| What the task requires |
In your reply, write out the records exactly, each line intact.

Extracted data entries:
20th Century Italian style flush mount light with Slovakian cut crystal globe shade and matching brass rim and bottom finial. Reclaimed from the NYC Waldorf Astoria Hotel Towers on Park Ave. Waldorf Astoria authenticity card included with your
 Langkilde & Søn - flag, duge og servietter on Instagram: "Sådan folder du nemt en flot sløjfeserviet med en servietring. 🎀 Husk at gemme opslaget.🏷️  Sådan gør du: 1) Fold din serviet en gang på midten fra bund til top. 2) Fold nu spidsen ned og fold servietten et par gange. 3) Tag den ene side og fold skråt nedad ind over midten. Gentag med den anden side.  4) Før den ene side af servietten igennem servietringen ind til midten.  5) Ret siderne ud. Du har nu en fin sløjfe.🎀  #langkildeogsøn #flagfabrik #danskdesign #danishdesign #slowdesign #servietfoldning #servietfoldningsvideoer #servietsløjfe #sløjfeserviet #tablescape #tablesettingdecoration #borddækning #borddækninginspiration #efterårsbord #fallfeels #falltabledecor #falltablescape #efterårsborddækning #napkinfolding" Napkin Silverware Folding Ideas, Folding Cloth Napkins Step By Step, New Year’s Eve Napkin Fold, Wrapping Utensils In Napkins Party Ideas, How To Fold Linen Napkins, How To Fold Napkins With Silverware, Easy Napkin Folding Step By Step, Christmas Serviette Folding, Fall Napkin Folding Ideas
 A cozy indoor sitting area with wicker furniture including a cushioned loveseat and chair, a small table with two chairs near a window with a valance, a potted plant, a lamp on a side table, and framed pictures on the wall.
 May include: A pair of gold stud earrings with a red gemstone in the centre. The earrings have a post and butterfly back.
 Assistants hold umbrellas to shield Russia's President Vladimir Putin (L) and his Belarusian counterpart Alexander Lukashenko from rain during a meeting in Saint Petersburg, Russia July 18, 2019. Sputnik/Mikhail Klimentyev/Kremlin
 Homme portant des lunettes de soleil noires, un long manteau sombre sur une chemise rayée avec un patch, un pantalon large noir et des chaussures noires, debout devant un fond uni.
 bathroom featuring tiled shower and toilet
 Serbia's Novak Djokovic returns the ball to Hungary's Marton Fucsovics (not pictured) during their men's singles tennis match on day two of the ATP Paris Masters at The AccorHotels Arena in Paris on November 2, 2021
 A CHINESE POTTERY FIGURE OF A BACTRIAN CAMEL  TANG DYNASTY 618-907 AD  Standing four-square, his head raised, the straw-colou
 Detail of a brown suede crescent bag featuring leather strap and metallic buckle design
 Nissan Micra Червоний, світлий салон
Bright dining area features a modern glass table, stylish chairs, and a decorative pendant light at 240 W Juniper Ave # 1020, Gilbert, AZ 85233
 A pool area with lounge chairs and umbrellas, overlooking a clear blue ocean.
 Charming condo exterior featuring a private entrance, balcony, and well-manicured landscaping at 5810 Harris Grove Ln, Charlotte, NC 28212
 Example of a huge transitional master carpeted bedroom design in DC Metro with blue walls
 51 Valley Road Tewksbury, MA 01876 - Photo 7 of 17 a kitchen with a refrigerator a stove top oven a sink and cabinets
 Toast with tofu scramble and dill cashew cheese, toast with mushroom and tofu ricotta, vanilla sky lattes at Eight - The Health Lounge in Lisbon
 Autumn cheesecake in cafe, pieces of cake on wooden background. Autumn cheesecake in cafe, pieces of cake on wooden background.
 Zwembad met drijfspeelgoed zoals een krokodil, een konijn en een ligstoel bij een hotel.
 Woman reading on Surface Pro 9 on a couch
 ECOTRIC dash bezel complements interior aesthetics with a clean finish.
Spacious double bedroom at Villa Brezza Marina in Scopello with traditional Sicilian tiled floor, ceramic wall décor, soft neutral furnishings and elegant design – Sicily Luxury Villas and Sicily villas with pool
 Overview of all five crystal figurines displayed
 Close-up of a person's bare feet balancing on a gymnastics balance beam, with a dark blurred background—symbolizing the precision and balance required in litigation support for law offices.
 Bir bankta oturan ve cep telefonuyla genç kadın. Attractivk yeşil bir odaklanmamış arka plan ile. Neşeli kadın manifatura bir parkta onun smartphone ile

| Output |
20th Century Italian style flush mount light with Slovakian cut crystal globe shade and matching brass rim and bottom finial. Reclaimed from the NYC Waldorf Astoria Hotel Towers on Park Ave. Waldorf Astoria authenticity card included with your
 Langkilde & Søn - flag, duge og servietter on Instagram: "Sådan folder du nemt en flot sløjfeserviet med en servietring. 🎀 Husk at gemme opslaget.🏷️  Sådan gør du: 1) Fold din serviet en gang på midten fra bund til top. 2) Fold nu spidsen ned og fold servietten et par gange. 3) Tag den ene side og fold skråt nedad ind over midten. Gentag med den anden side.  4) Før den ene side af servietten igennem servietringen ind til midten.  5) Ret siderne ud. Du har nu en fin sløjfe.🎀  #langkildeogsøn #flagfabrik #danskdesign #danishdesign #slowdesign #servietfoldning #servietfoldningsvideoer #servietsløjfe #sløjfeserviet #tablescape #tablesettingdecoration #borddækning #borddækninginspiration #efterårsbord #fallfeels #falltabledecor #falltablescape #efterårsborddækning #napkinfolding" Napkin Silverware Folding Ideas, Folding Cloth Napkins Step By Step, New Year’s Eve Napkin Fold, Wrapping Utensils In Napkins Party Ideas, How To Fold Linen Napkins, How To Fold Napkins With Silverware, Easy Napkin Folding Step By Step, Christmas Serviette Folding, Fall Napkin Folding Ideas
 A cozy indoor sitting area with wicker furniture including a cushioned loveseat and chair, a small table with two chairs near a window with a valance, a potted plant, a lamp on a side table, and framed pictures on the wall.
 May include: A pair of gold stud earrings with a red gemstone in the centre. The earrings have a post and butterfly back.
 Assistants hold umbrellas to shield Russia's President Vladimir Putin (L) and his Belarusian counterpart Alexander Lukashenko from rain during a meeting in Saint Petersburg, Russia July 18, 2019. Sputnik/Mikhail Klimentyev/Kremlin
 Homme portant des lunettes de soleil noires, un long manteau sombre sur une chemise rayée avec un patch, un pantalon large noir et des chaussures noires, debout devant un fond uni.
 bathroom featuring tiled shower and toilet
 Serbia's Novak Djokovic returns the ball to Hungary's Marton Fucsovics (not pictured) during their men's singles tennis match on day two of the ATP Paris Masters at The AccorHotels Arena in Paris on November 2, 2021
 A CHINESE POTTERY FIGURE OF A BACTRIAN CAMEL  TANG DYNASTY 618-907 AD  Standing four-square, his head raised, the straw-colou
 Detail of a brown suede crescent bag featuring leather strap and metallic buckle design
 Nissan Micra Червоний, світлий салон
Bright dining area features a modern glass table, stylish chairs, and a decorative pendant light at 240 W Juniper Ave # 1020, Gilbert, AZ 85233
 A pool area with lounge chairs and umbrellas, overlooking a clear blue ocean.
 Charming condo exterior featuring a private entrance, balcony, and well-manicured landscaping at 5810 Harris Grove Ln, Charlotte, NC 28212
 Example of a huge transitional master carpeted bedroom design in DC Metro with blue walls
 51 Valley Road Tewksbury, MA 01876 - Photo 7 of 17 a kitchen with a refrigerator a stove top oven a sink and cabinets
 Toast with tofu scramble and dill cashew cheese, toast with mushroom and tofu ricotta, vanilla sky lattes at Eight - The Health Lounge in Lisbon
 Autumn cheesecake in cafe, pieces of cake on wooden background. Autumn cheesecake in cafe, pieces of cake on wooden background.
 Zwembad met drijfspeelgoed zoals een krokodil, een konijn en een ligstoel bij een hotel.
 Woman reading on Surface Pro 9 on a couch
 ECOTRIC dash bezel complements interior aesthetics with a clean finish.
Spacious double bedroom at Villa Brezza Marina in Scopello with traditional Sicilian tiled floor, ceramic wall décor, soft neutral furnishings and elegant design – Sicily Luxury Villas and Sicily villas with pool
 Overview of all five crystal figurines displayed
 Close-up of a person's bare feet balancing on a gymnastics balance beam, with a dark blurred background—symbolizing the precision and balance required in litigation support for law offices.
 Bir bankta oturan ve cep telefonuyla genç kadın. Attractivk yeşil bir odaklanmamış arka plan ile. Neşeli kadın manifatura bir parkta onun smartphone ile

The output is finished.